Elle existe depuis plus de cent ans. Au départ, elle était située à une bonne distance de Glasgow, mais avec l'expansion de la ville, elle s'en est beaucoup rapprochée !  On passe devant quand on prend le bus. C'est un lieu plutôt horrible, en fait on y met tous les délinquants, quelle que soit leur faute. Que vous ayez volé quelque chose dans un magasin ou que vous ayez commis un meurtre, c'est là qu'on vous envoie.

Vous semblez être particulièrement préoccupé par les jeunes délinquants.

En tant que bénévole, j'ai beaucoup travaillé pour une banque alimentaire. Et là, j'ai vu tous ces gens, les sans logis, les jeunes paumés. On allait recueillir les provisions dans les supermarchés, puis on les répartissait dans les différentes banques alimentaires. L'idée était d'aider tous ces jeunes qui étaient sans abri, ou qui sortaient de prison : des gens qui n'étaient pas plus mauvais ou stupides que les autres, mais qui n'avaient pas eu la moindre chance au départ. Et tout ça m'a aidé à devenir très réaliste, tout en gardant un certain sens de l'humour. J'imagine que c'est en partie de là que vient cet aspect du livre.

C'est donc de là que vient l'idée des deux protagonistes du début, le tireur et la jeune fille.

Oui, sûrement. En fait, les deux sont des victimes... J'ai voulu présenter ces gens-là comme des gens normaux, montrer qu'ils ne sont pas plus mauvais que d'autres, qu'ils sont des personnes comme vous et moi. Et mon enquêteur, McCoy, est là pour essayer d'aider les gens.
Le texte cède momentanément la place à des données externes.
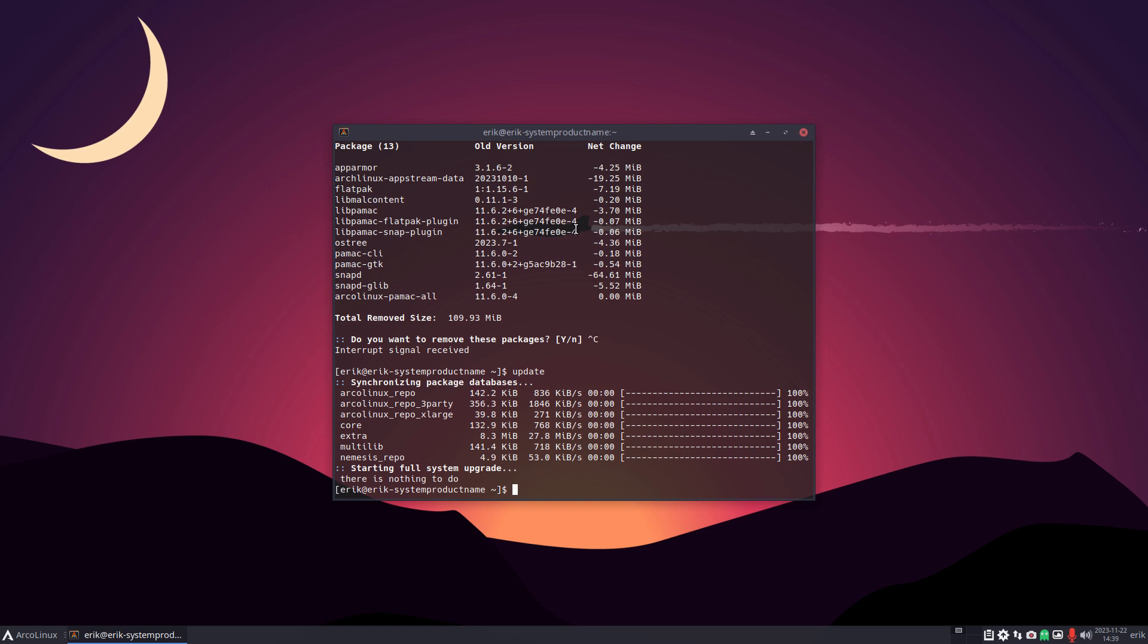Anyway, pamac is healthy again. So you can have a go at it and try it out. Cheers!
Il faut dire que beaucoup de policiers ont cette attitude.

Ce qui est étrange, c'est qu'il n'a que trente ans, donc son expérience n'est pas si longue que ça.
Oui, mais il est plutôt intelligent. Il pense qu'il peut faire la différence, changer les choses. Peut-être que dans vingt ans, il aura changé d'avis, il sera plus cynique... Mais pour l'heure, il essaie de traiter les gens avec respect.

La relation de McCoy avec son jeune stagiaire, Wattie, tient une place importante dans le roman. Que représente-t-elle pour vous ?
Il fallait que McCoy aie quelqu'un à qui parler, sans quoi tout le roman n'aurait été qu'un monologue. Et j'aurais pu faire ça, il y a beaucoup de livres qui fonctionnent sur le mode du monologue et qui sont très bons. Mais j'aime que les gens se parlent, échangent. Et le fait que Wattie soit encore plus jeune que McCoy, ça rendait la situation intéressante. Wattie est encore innocent, il est drôle. Le fait qu'il y ait ce dialogue empêche le roman de devenir trop sombre.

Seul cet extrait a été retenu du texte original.